(Short descriptive text snippets)
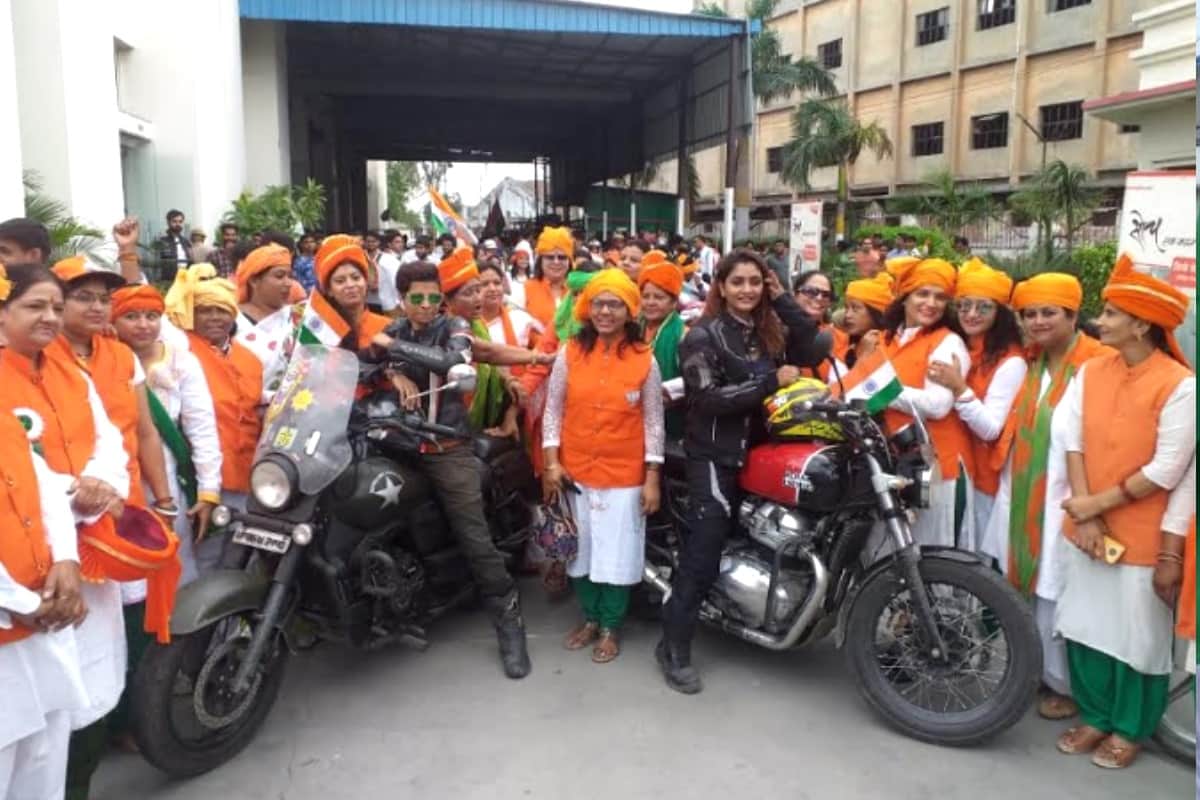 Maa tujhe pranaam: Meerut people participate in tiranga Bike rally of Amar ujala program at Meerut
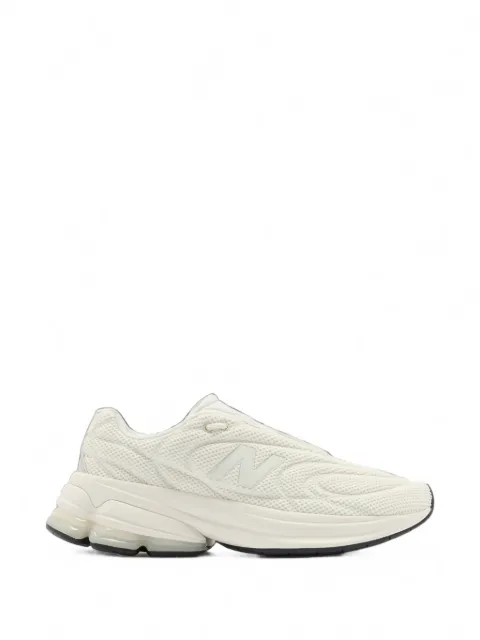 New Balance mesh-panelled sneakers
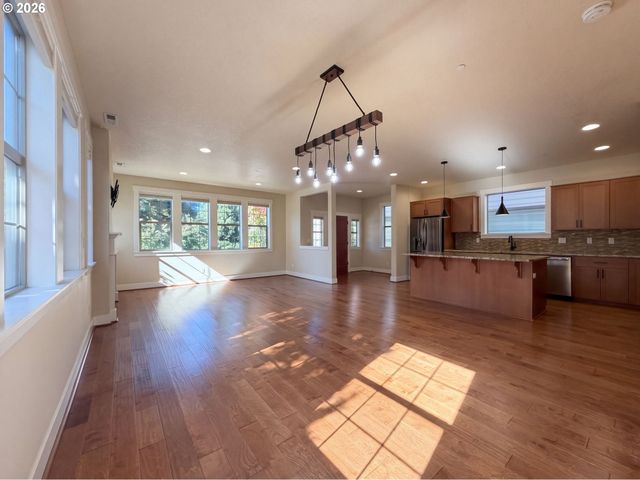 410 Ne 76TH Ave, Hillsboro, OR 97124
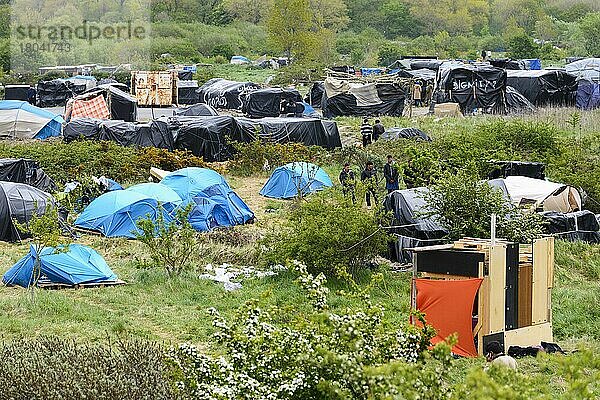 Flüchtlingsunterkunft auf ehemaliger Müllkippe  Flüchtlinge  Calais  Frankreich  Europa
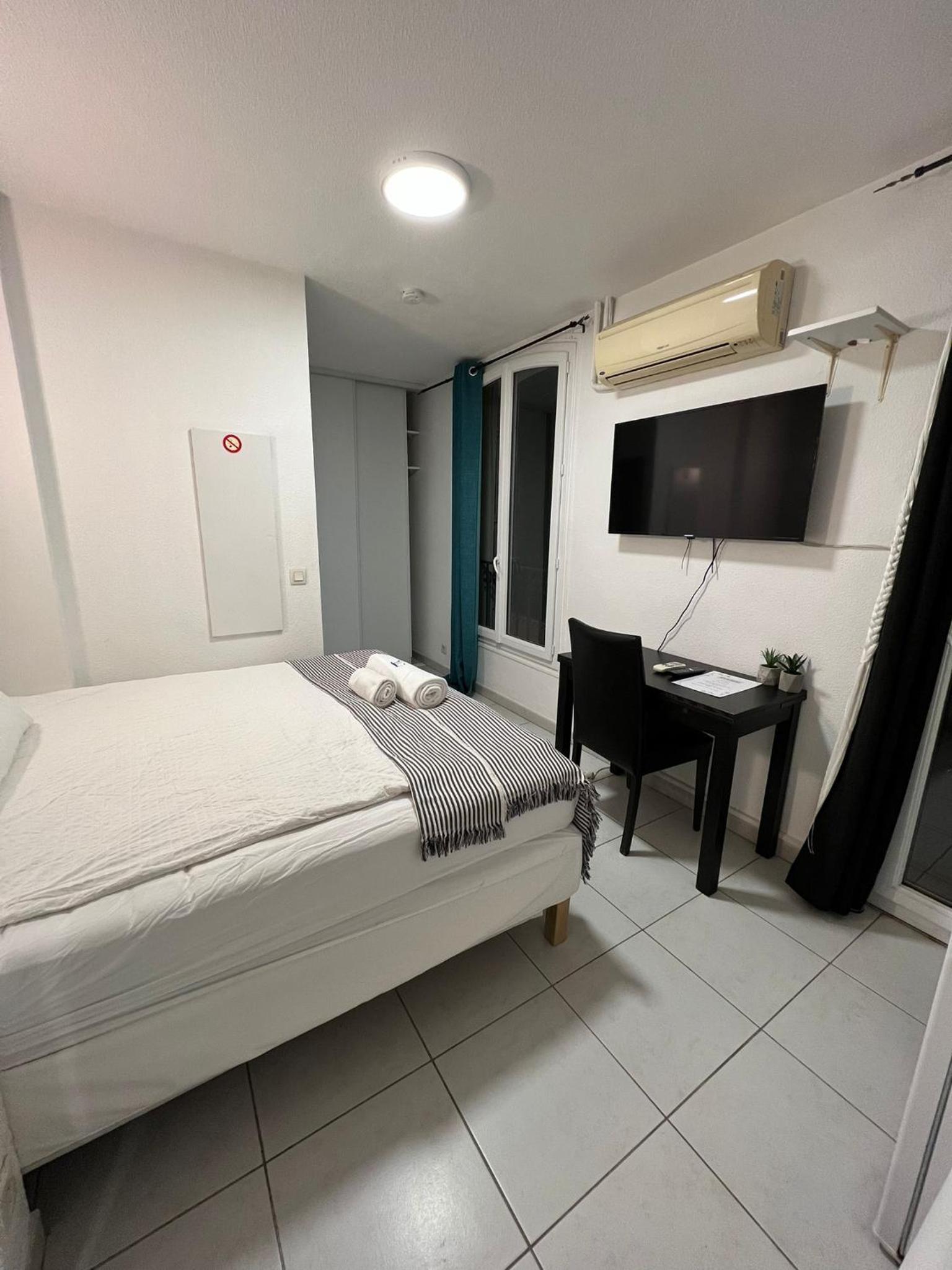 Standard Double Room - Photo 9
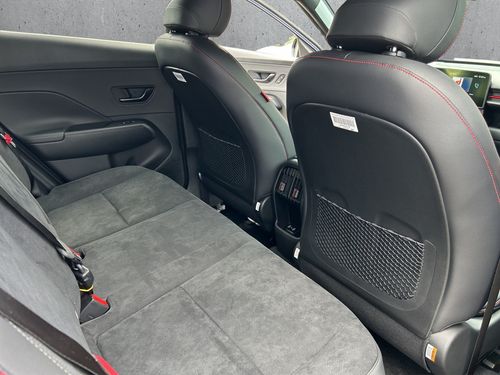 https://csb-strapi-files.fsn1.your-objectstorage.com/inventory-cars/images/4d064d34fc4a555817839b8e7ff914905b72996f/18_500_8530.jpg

◆ **Action item**: Beginning with the line that contains "410 Ne 76TH Ave, Hillsboro, OR 97124", write out every line through the last one in the records, exactly and without pictures.

◆ **Exercise result**:
 410 Ne 76TH Ave, Hillsboro, OR 97124
 Flüchtlingsunterkunft auf ehemaliger Müllkippe  Flüchtlinge  Calais  Frankreich  Europa
 Standard Double Room - Photo 9
 https://csb-strapi-files.fsn1.your-objectstorage.com/inventory-cars/images/4d064d34fc4a555817839b8e7ff914905b72996f/18_500_8530.jpg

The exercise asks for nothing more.